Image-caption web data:

*** Block opens ***

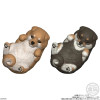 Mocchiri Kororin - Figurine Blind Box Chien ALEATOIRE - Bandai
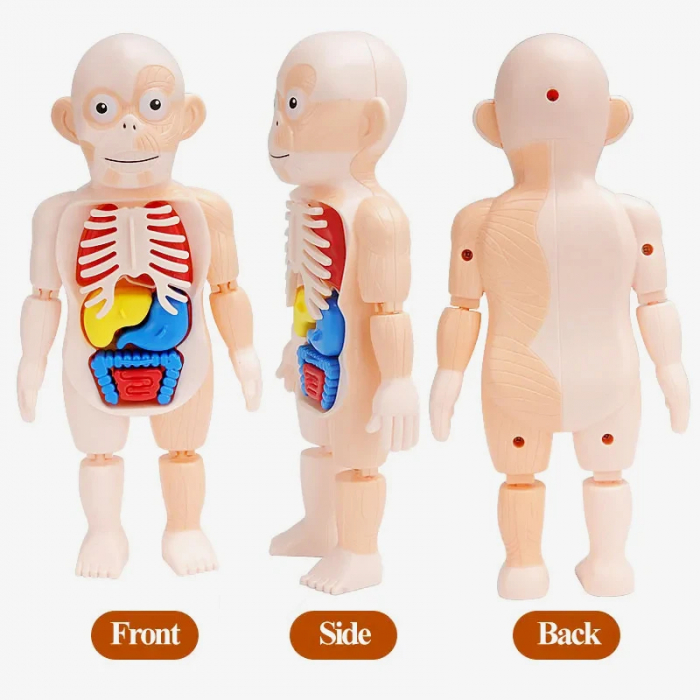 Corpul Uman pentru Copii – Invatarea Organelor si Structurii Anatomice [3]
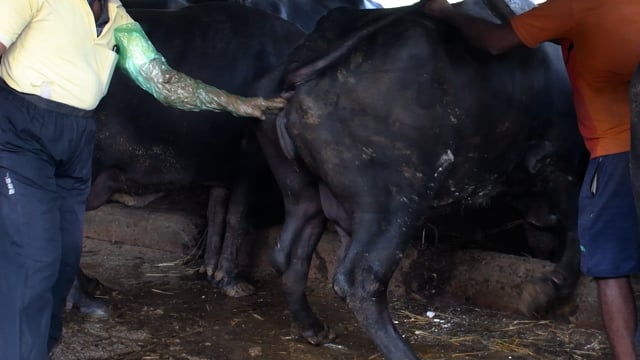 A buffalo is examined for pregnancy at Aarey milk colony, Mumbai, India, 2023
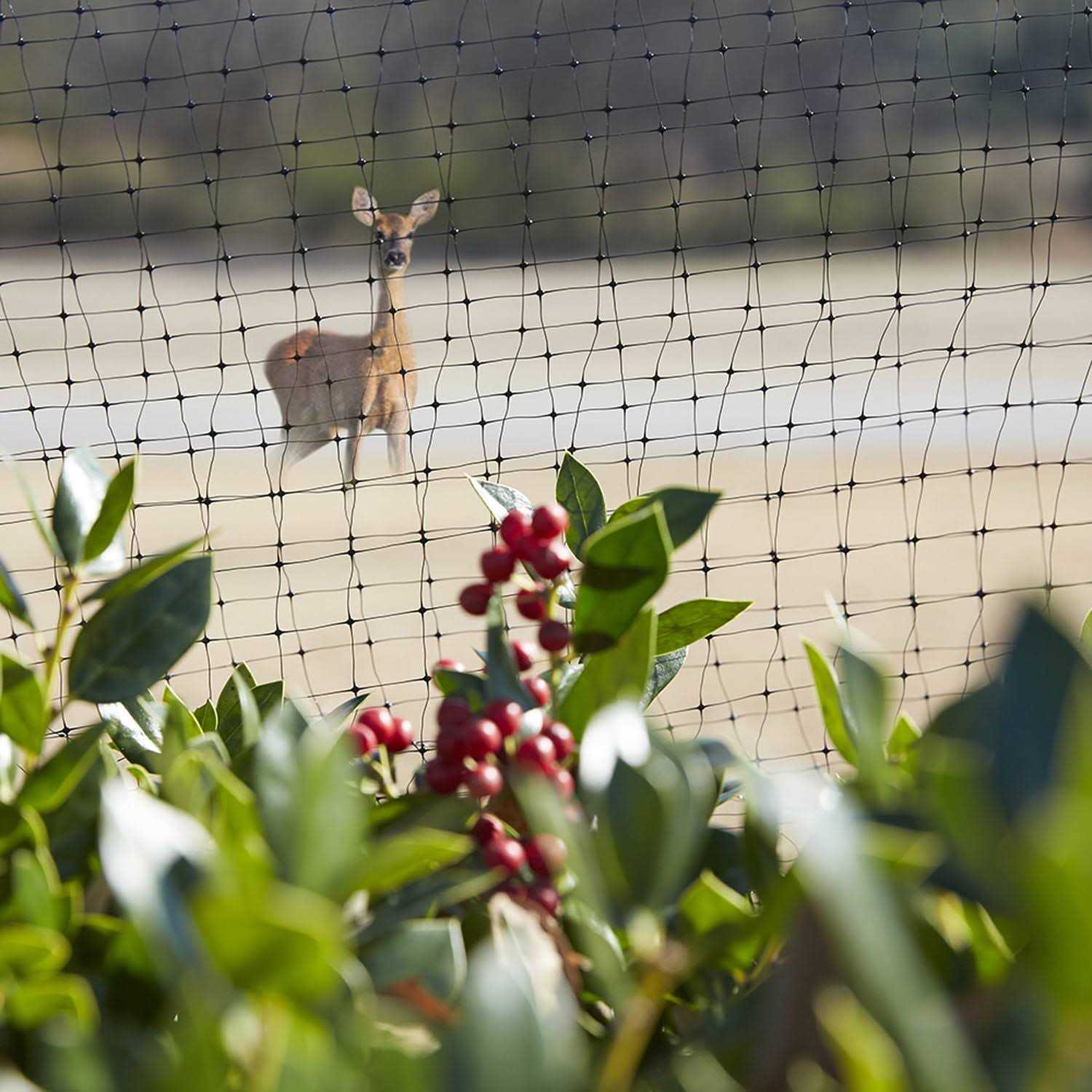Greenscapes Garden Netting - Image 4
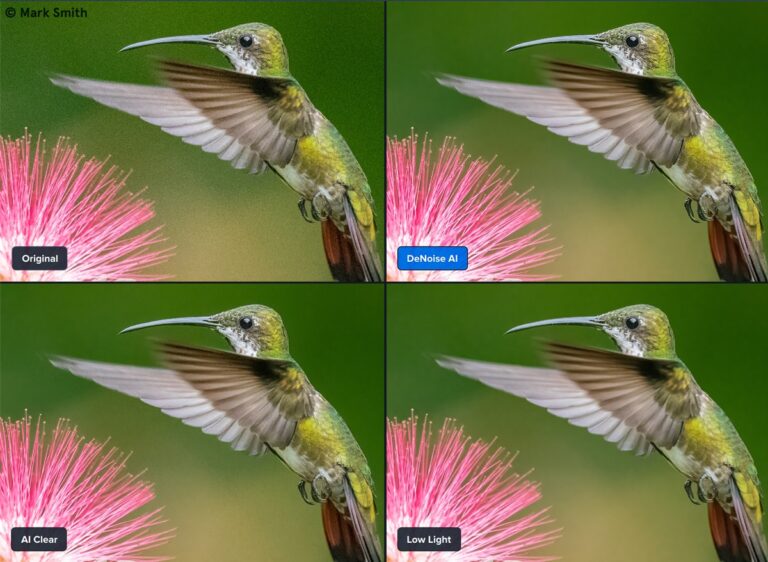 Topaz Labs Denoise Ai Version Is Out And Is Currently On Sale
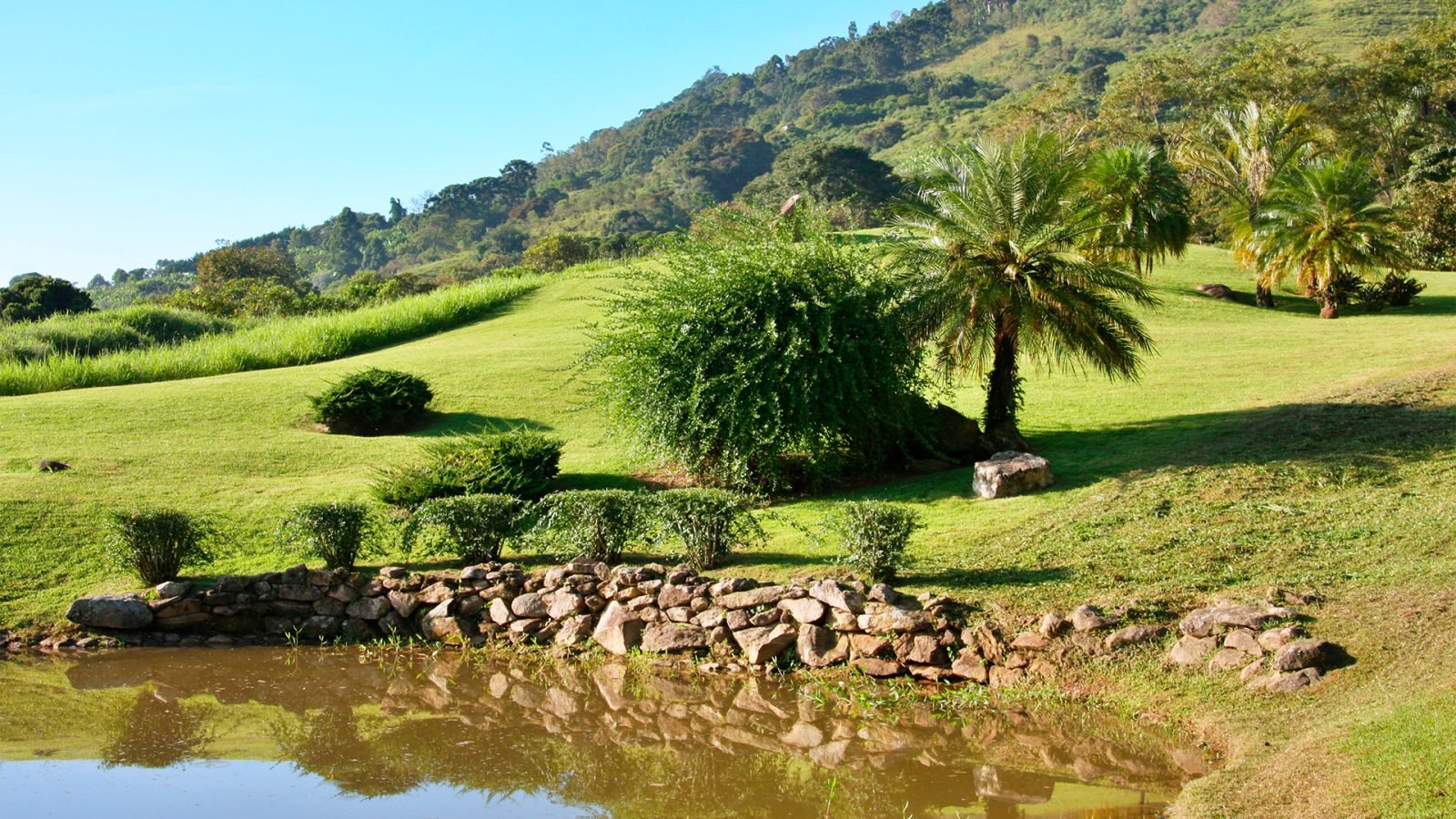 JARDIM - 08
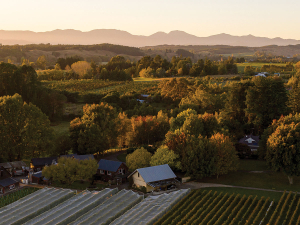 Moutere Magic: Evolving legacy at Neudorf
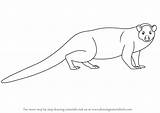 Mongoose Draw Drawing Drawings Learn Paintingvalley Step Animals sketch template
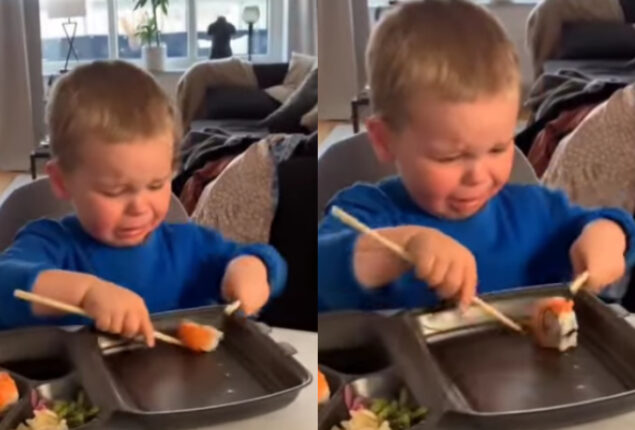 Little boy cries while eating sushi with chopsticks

*** Block closes ***

Exercise: The range to transcribe runs from the line holding "JARDIM - 08" through the final line of the data above; copy it exactly and exclude the pictures.

Response to the exercise:
 JARDIM - 08
 Moutere Magic: Evolving legacy at Neudorf
 Mongoose Draw Drawing Drawings Learn Paintingvalley Step Animals sketch template
 Little boy cries while eating sushi with chopsticks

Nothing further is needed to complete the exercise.